On Wed, Aug 14, 2024 at 08:40:22AM +0200, Stefano Brivio wrote:
Hi Matt,
On Tue, 13 Aug 2024 22:58:42 -0700 Matt Hamilton
wrote: I am using Podman in Fedora 40, which uses pasta by default for rootless container networking.
Fedora 40's base version of passt is `passt-0^20240326.g4988e2b-1.fc40`, but recently two newer versions were released, `passt-0^20240726.g57a21d2-1.fc40` and `0^20240806.gee36266-1.fc40`.
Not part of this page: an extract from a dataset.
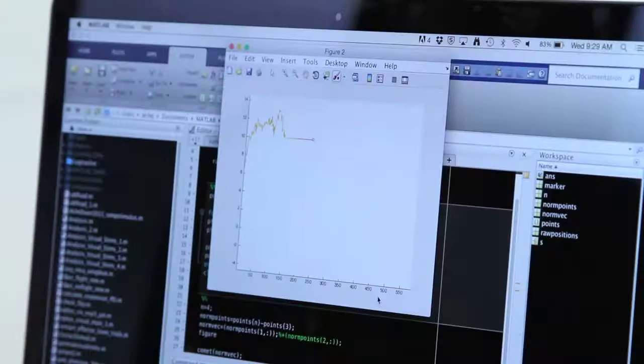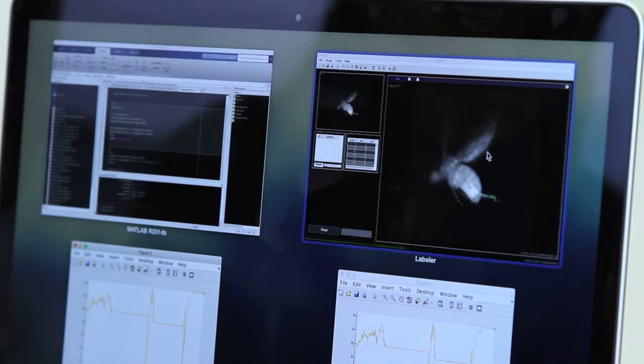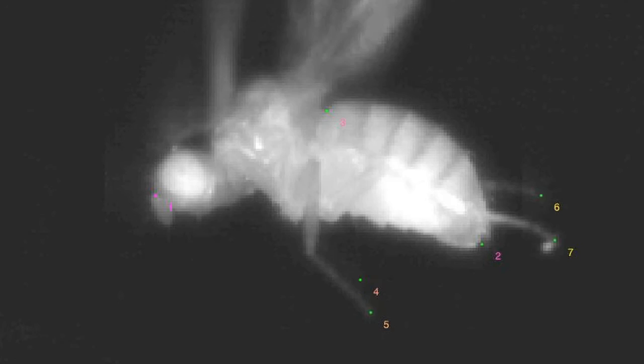Kristin is one of our colleagues who's a computer vision expert, and she's really helping us bring the next level of behavioral quantification and automation to high-speed videos that we take in conjunction with our physiological recordings. Kristin is helping us design an algorithm to track the flies' legs from these videos so that we can see how specific leg movements correlate with activity in specific descending neurons.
After upgrading, one pod kept going offline after a few minutes. The containers remained running, but could not make outbound connections. Journalctl revealed that the pasta process for the pod had crashed with:
Aug 08 23:07:55 dev pasta[95859]: ASSERTION FAILED in flow_hash (flow.c:566): pif != PIF_NONE && !inany_is_unspecified(&side->eaddr) && side->eport != 0 && side->fport != 0 Aug 08 23:07:55 dev audit[95859]: SECCOMP auid=1000 uid=1000 gid=1000 ses=1 subj=unconfined_u:unconfined_r:container_runtime_t:s0-s0:c0.c1023 pid=95859 comm="pasta.avx2" exe="/usr/bin/pasta.avx2" sig=31 arch=c000003e syscall=186 compat=0 ip=0x7f8f8c23b64f code=0x80000000 Aug 08 23:07:55 dev audit[95859]: ANOM_ABEND auid=1000 uid=1000 gid=1000 ses=1 subj=unconfined_u:unconfined_r:container_runtime_t:s0-s0:c0.c1023 pid=95859 comm="pasta.avx2" exe="/usr/bin/pasta.avx2" sig=31 res=1
After much debugging, I isolated the trigger to a particular container making a peer-to-peer TCP connection to a remote address with port 0.
Thanks for the analysis and for the report!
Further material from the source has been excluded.